## TASK BRIEF
Below are some records. Return exactly the lines from the one containing "爱尔兰足球明星盘点及其在国际赛场上的辉煌成就与影响力" through the one containing "Sonde à coeur Combi SMALL/SMART", both included, and only those.

##############################

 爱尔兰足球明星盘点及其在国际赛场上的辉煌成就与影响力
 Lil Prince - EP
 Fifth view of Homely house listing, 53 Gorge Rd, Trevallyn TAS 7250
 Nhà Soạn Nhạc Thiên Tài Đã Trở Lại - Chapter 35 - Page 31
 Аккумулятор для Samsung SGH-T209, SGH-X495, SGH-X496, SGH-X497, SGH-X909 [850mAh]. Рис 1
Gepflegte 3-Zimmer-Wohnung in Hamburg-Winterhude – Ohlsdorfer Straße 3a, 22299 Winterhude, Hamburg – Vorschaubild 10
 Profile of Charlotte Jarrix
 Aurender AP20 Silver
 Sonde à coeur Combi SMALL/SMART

##############################

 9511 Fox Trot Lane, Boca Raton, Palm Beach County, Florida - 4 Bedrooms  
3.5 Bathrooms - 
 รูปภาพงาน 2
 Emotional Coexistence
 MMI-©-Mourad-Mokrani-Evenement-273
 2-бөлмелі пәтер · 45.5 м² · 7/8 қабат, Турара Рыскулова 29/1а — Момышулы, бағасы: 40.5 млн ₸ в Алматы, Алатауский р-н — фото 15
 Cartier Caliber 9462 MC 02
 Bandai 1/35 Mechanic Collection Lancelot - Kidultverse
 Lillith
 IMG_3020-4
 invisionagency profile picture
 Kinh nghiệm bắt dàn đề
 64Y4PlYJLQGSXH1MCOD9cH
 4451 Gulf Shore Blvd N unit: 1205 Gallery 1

##############################

## RESULT OF THE EXERCISE
 爱尔兰足球明星盘点及其在国际赛场上的辉煌成就与影响力
 Lil Prince - EP
 Fifth view of Homely house listing, 53 Gorge Rd, Trevallyn TAS 7250
 Nhà Soạn Nhạc Thiên Tài Đã Trở Lại - Chapter 35 - Page 31
 Аккумулятор для Samsung SGH-T209, SGH-X495, SGH-X496, SGH-X497, SGH-X909 [850mAh]. Рис 1
Gepflegte 3-Zimmer-Wohnung in Hamburg-Winterhude – Ohlsdorfer Straße 3a, 22299 Winterhude, Hamburg – Vorschaubild 10
 Profile of Charlotte Jarrix
 Aurender AP20 Silver
 Sonde à coeur Combi SMALL/SMART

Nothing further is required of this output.